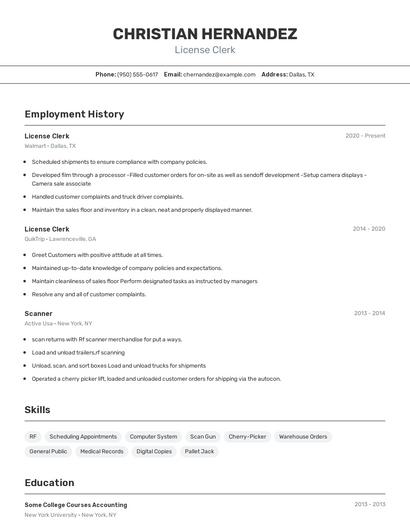 License Clerk Resume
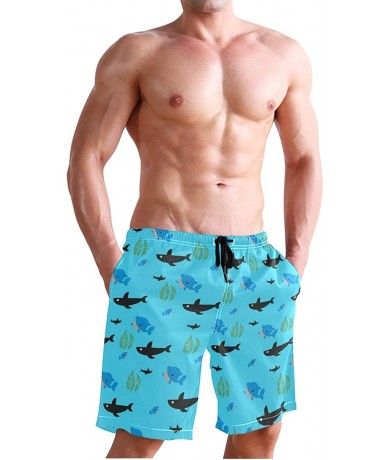 Board Shorts Men's Swim Trunks Hedgehog Cactus Quick Dry Beach Board Shorts with Pockets - Whales Seaweed - CO18QOQYKTZ $51.55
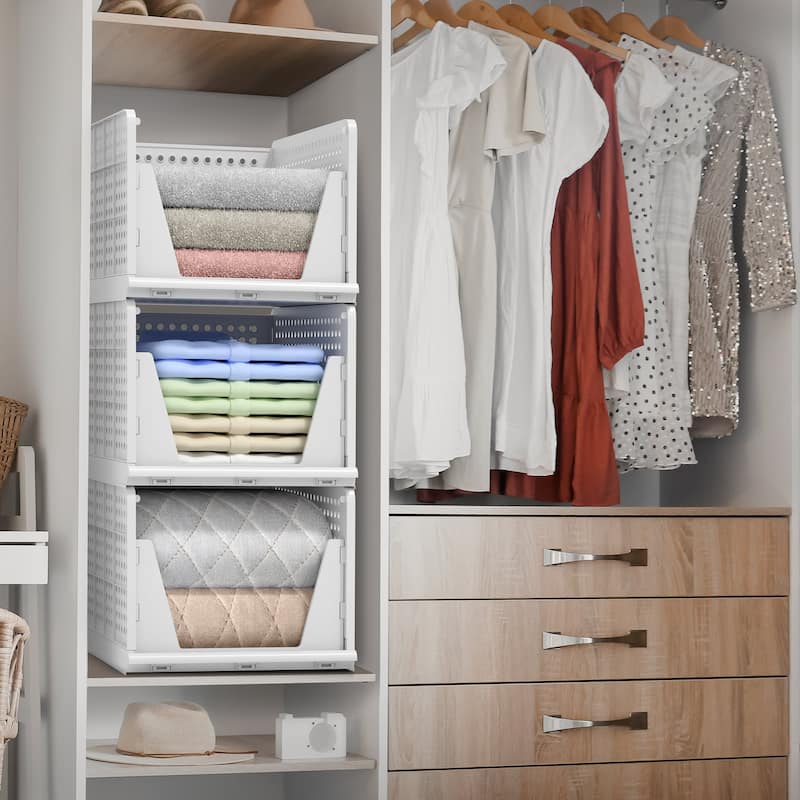 Sorbus 3 Pack Large Closet Shelf Organizer - Foldable and Stackable Storage Baskets - Easy Access Open Front Design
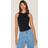 PrettyLittleThing Soft Cotton Racer Sleeveless Bodysuit - Black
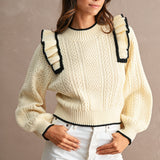 Poppy Ruffle Shoulder Cable Knit Sweater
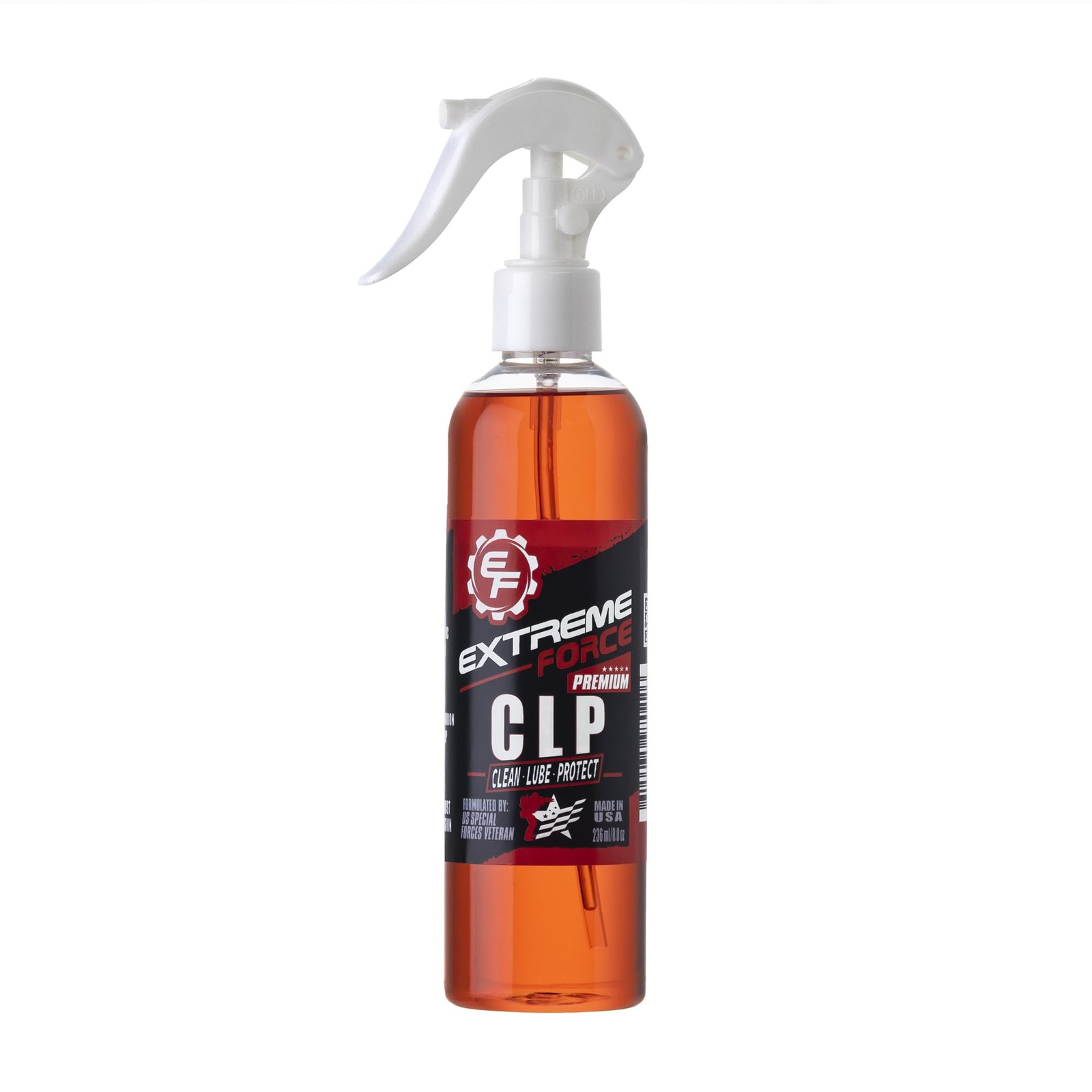 Extreme Force Premium Gun CLP, Clean Lube Protect, Synthetic 8 ounces, Red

> What you will do
The listing above must be restated word for word. Its pictures are to be left out.

> The answer
 License Clerk Resume
 Board Shorts Men's Swim Trunks Hedgehog Cactus Quick Dry Beach Board Shorts with Pockets - Whales Seaweed - CO18QOQYKTZ $51.55
 Sorbus 3 Pack Large Closet Shelf Organizer - Foldable and Stackable Storage Baskets - Easy Access Open Front Design
 PrettyLittleThing Soft Cotton Racer Sleeveless Bodysuit - Black
 Poppy Ruffle Shoulder Cable Knit Sweater
 Extreme Force Premium Gun CLP, Clean Lube Protect, Synthetic 8 ounces, Red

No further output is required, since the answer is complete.